Los jardines de Rusiñol son, ante todo, emblemas de la decandencia, de "la vejez de España", como escribía Eduardo Marquina. Los setos desdibujados, las estatuas mutiladas, las aguas detenidas, configuran un ámbito de belleza frágil y casi marchita, amenazada por el desierto que avanza. El propio Rusiñol explica que ha querido explorar los jardines "antes de que acaben de borrarse", por que "los versos escritos en el jardín se van llenando de hierba de prosa, en el áspero terruño de España". "Pero qué agonía más hermosa ¡Qué deshojamiento más espléndido y qué amplia majestad en la caída!" En esta belleza enfermiza, tocada por la muerte, brilla a veces la esperanza de una regeneración: hay entre ellos visiones de un convaleciente (como lo fue, tantas veces, el propio pintor) y, junto a los sauces y los cipreses, los almendros en flor nos sorprenden con una inmensa energía cromática y vital.
Los jardines de Rusiñol son espacios aislados, variaciones sobre el tema tradicional (muy apreciado por decadentes y simbolistas) del "hortus conclusus". Setos y árboles forman una muralla verde en torno, por la cual se filtra apenas la luz y se entreven pedazos de cielo. Para acentuar la sensación de internamiento, una avenida, en enfática perspectiva, nos invita a penetrar en el interior y nos conduce hasta una glorieta o una fuente, hasta un muro o una puerta sellada. En "El embarcadero" de los jardines de Aranjuez, la avenida queda interrumpida por las aguas del canal, pero continúa más allá, como indicando el contraste entre la limitación de nuestros pasos y el alcance de la mirada. Y no sólo nos hallamos confinados; estamos en el fondo del espacio y tenemos que levantar los ojos hacia un horizonte muy alto marcado por los árboles y las montañas. A menudo hay majestuosas escalinatas (como las del jardín de Raixa, donde se exhiben dos pavos reales), que sugieren una ascensión espiritual desde lo profundo.
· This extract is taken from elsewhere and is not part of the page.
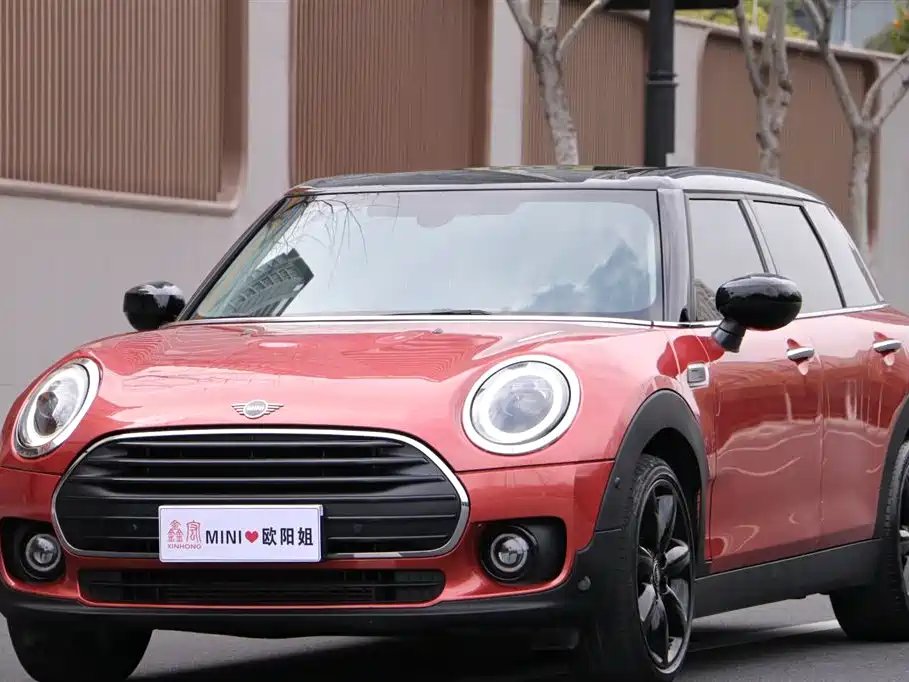 Mini Mini Clubman 2022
A veces Rusiñol nos muestra al mismo tiempo la intimidad del jardín, húmeda y umbría, y su contrapunto, el mundo ancho y ajeno. Tras las tapias del maravilloso "Jardín de Can Falç" (1895-1900) con su fuente rizada de ondas y su templete de seto, se levantan las casas de la ciudad bajo un sol cegador. En "El Generalife" (1898), la mirada domina desde la altura a la vez el jardín-atalaya y la vista panorámica del valle. El "Jardín del Pirata" (1901-1902), de sauces espectrales, aparece cercado por un muro circular; pero, más allá de ese muro, en una esquina del cuadro, se divisan el mar, y los veleros en la lejanía, símbolos del viaje y la libertad, que el pintor contempla quizá sin envidia, acaso con cierta nostalgia.